Understanding the COLLADA File
The COLLADA file specification is a pretty extensive XML schema whose full specification can be found here and the summary that actually helped me understand it is found here.  In this post, I am focusing on the data I need to get to; which are vertices, normals, and triangles.  Here is an example file with only those portions I cared about remaining and the tags of particular interest highlighted in yellow. 

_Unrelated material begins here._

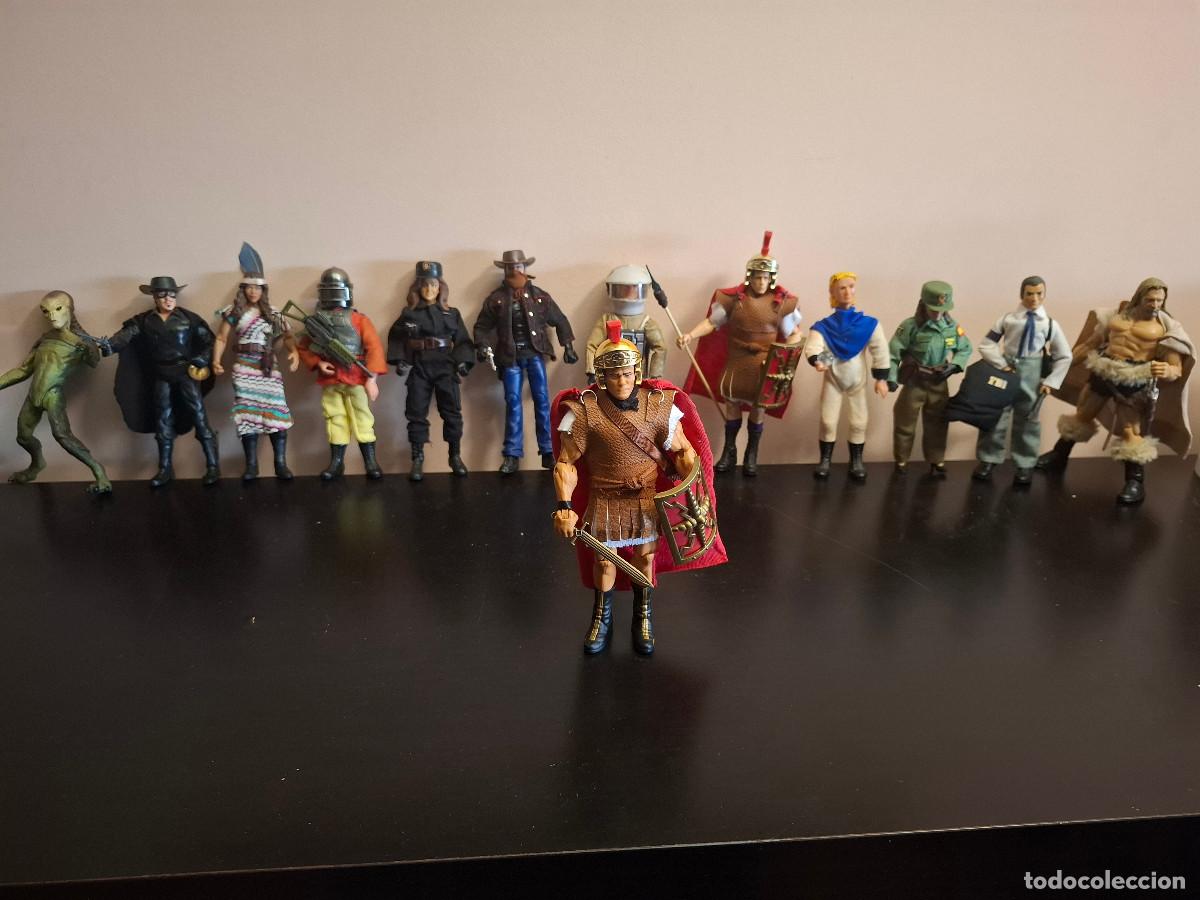 Madelman: Figura tipo Madelman MDE historico Julio Cesar centuri&oacute;n romano antigua Roma Unico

<?xml version="1.0" encoding="utf-8"?>
<COLLADA xmlns="http://www.collada.org/2005/11/COLLADASchema" version="1.4.1">
  <asset>
    <contributor>
      <author>Blender User</author>
      <authoring_tool>Blender 2.58.0 r37702</authoring_tool>
    </contributor>
    <created>2011-07-26T02:34:24</created>
    <modified>2011-07-26T02:34:24</modified>
    <unit name="meter" meter="1"/>
    <up_axis>Z_UP</up_axis>
  </asset>
  <library_geometries>
    <geometry id="Plane-mesh">
      <mesh>
        <source id="Plane-mesh-positions">
          <float_array id="Plane-mesh-positions-array" count="12">1 0.3503274 0 1 -0.3503274 0 -1 -0.9999998 0 -0.9999997 1 0</float_array>
        </source>
        <source id="Plane-mesh-normals">
          <float_array id="Plane-mesh-normals-array" count="6">0 0 1 0 0 1</float_array>
        </source>
        <vertices id="Plane-mesh-vertices">
          <input semantic="POSITION" source="#Plane-mesh-positions"/>
        </vertices>
        <polylist count="2">
          <input semantic="VERTEX" source="#Plane-mesh-vertices" offset="0"/>
          <input semantic="NORMAL" source="#Plane-mesh-normals" offset="1"/>
          <vcount>3 3 </vcount>
          <p>0 0 3 0 1 0 3 1 2 1 1 1</p>
        </polylist>
      </mesh>
    </geometry>
  </library_geometries>
</COLLADA>

When writing the code to read this file, I made some assumptions about the COLLADA file's data because I was the originator of the file and had control.  First, I assumed there was no texture coordinates in the file, this changes how one would parse the <p>0 0 3 0 1 0 3 1 2 1 1 1</p> section from file above (this summary describes the alternate form here).  Second, I assumed the <polylist> is always describing triangles and not quads.  The above assumptions would change for production code and it is easy enough to get the data that it wouldn't be a problem to handle more than the single case I handle here.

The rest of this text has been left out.